Most of the information on a computer changes very slowly or not at all. This includes the applications themselves, the operating system and even most of the user data. Typically, only a small percentage of the information in a partition or disk changes on a daily, or even a weekly, basis. For that reason, it makes sense only to back up the data that has changed on a daily basis. This is the basis of sophisticated backup strategies.
Differential backups were the next step in the evolution of backup strategies. A differential backup backs up only the files that changed since the last full back. For example, suppose you do a full backup on Sunday. On Monday you back up only the files that changed since Sunday, on Tuesday you back up only the files that changed since Sunday, and so on until the next full backup. Differential backups are quicker than full backups because so much less data is being backed up. But the amount of data being backed up grows with each differential backup until the next full back up. Differential backups are more flexible than full backups, but still unwieldy to do more than about once a day, especially as the next full backup approaches.
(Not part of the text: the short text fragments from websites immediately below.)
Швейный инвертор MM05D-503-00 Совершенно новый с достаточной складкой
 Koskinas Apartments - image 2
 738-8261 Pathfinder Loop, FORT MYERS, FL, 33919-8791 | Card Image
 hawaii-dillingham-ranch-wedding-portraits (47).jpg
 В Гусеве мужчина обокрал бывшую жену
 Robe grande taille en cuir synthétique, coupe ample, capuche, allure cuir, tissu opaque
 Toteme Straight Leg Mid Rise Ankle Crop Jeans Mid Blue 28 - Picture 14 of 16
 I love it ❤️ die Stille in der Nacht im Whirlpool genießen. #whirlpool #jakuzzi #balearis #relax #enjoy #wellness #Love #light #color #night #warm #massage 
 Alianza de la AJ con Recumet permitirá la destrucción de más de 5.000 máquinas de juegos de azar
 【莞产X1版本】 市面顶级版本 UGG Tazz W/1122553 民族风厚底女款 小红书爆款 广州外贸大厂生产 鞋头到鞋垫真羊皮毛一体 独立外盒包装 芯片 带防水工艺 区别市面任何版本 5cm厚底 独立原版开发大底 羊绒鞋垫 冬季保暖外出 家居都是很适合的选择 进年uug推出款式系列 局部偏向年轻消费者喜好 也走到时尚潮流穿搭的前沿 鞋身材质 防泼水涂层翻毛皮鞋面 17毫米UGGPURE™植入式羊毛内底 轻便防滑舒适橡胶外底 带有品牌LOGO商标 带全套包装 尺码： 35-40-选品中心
Incremental backups also back up only the changed data, but they only back up the data that has changed since the last backup — be it a full or incremental backup. They are sometimes called "differential incremental backups," while differential backups are sometimes called "cumulative incremental backups." Confused yet? Don't be.
I think it's bad practice (see my post on googlification) to link to the first result I found on google for the search "incremental differential". But what the hell! That explanation was satisfactory to me!